Exercise instructions
Extract, in full, the lines below, beginning at the first and ending with the line that contains "black lab wide eyed dog | I". Pictures do not belong in the copy.

Recorded data
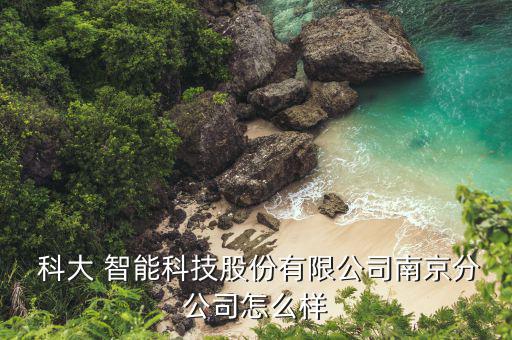 上?？拼笾悄茉趺礃?科大智能科技南京分公司楊瑞軍為企業(yè)法人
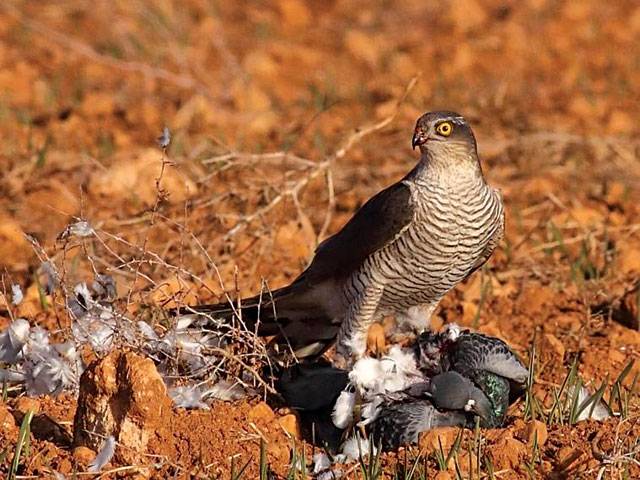 For The Love Of Falconry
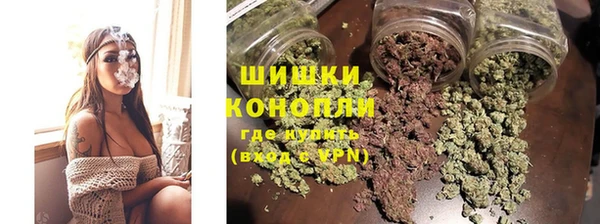 МДПВ Богородицк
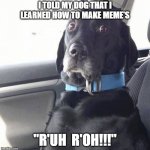 black lab wide eyed dog | I TOLD MY DOG THAT I LEARNED HOW TO MAKE MEME'S; "R'UH  R'OH!!!" | image tagged in black lab wide eyed dog | made w/ Imgflip meme maker
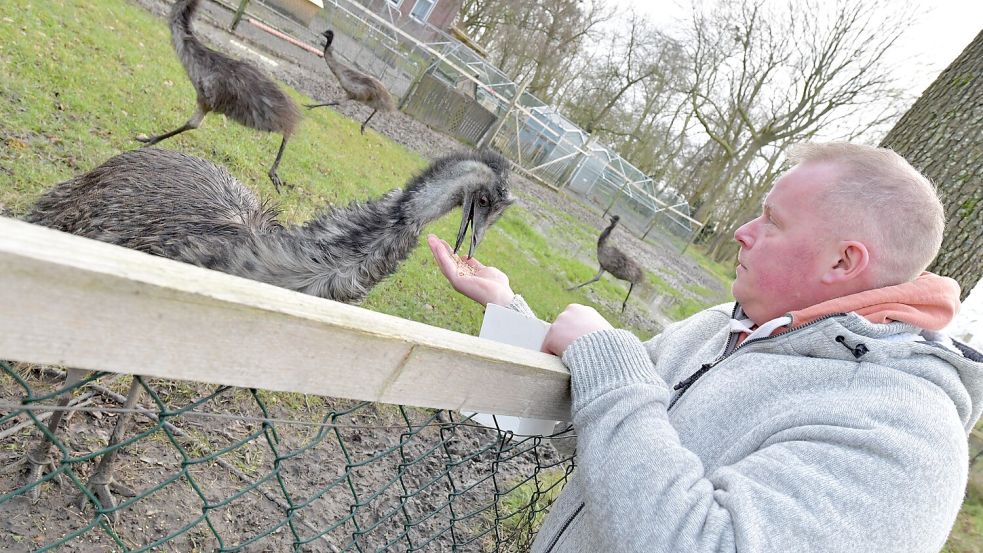 Bauer Heino hält allerlei Federvieh. Auch sechs Emus gehören zu seinem eigenen kleinen Streichelzoo. Foto: Ortgies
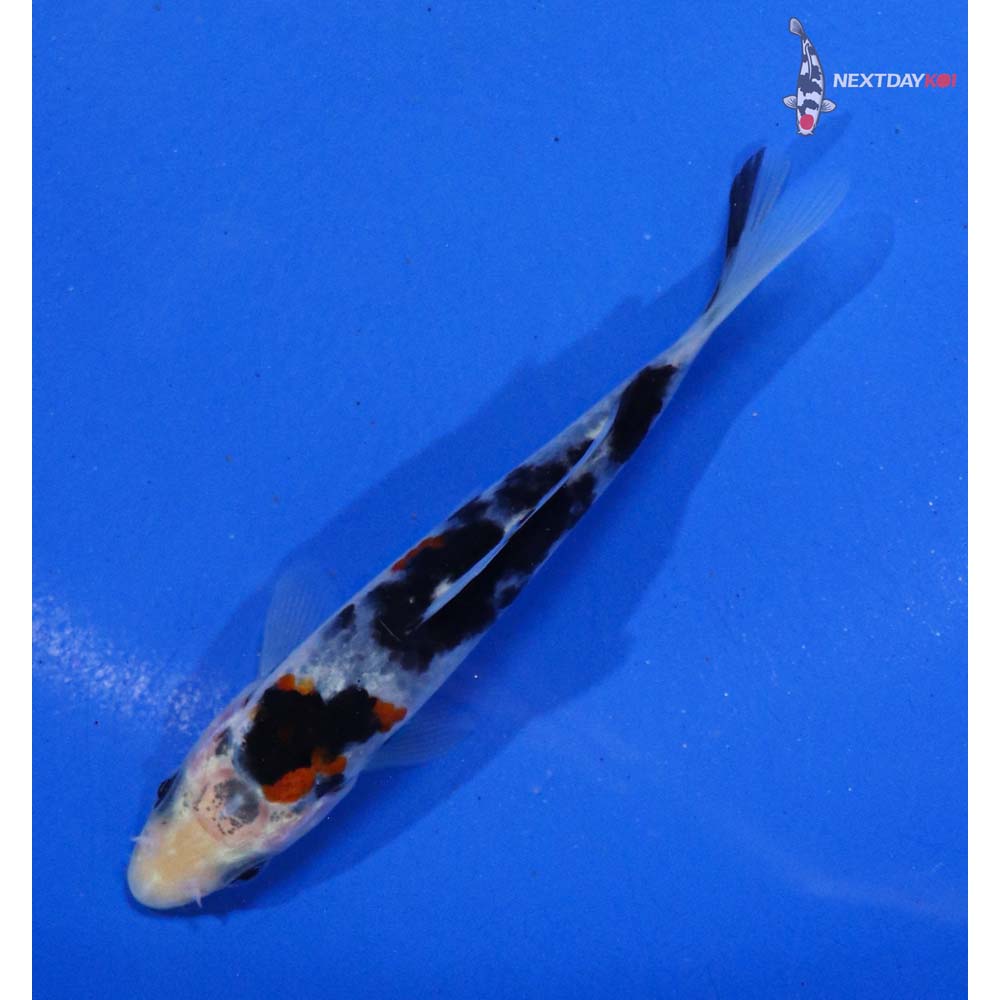 4” Imported Sanke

Task response
 上?？拼笾悄茉趺礃?科大智能科技南京分公司楊瑞軍為企業(yè)法人
 For The Love Of Falconry
 МДПВ Богородицк
 black lab wide eyed dog | I TOLD MY DOG THAT I LEARNED HOW TO MAKE MEME'S; "R'UH  R'OH!!!" | image tagged in black lab wide eyed dog | made w/ Imgflip meme maker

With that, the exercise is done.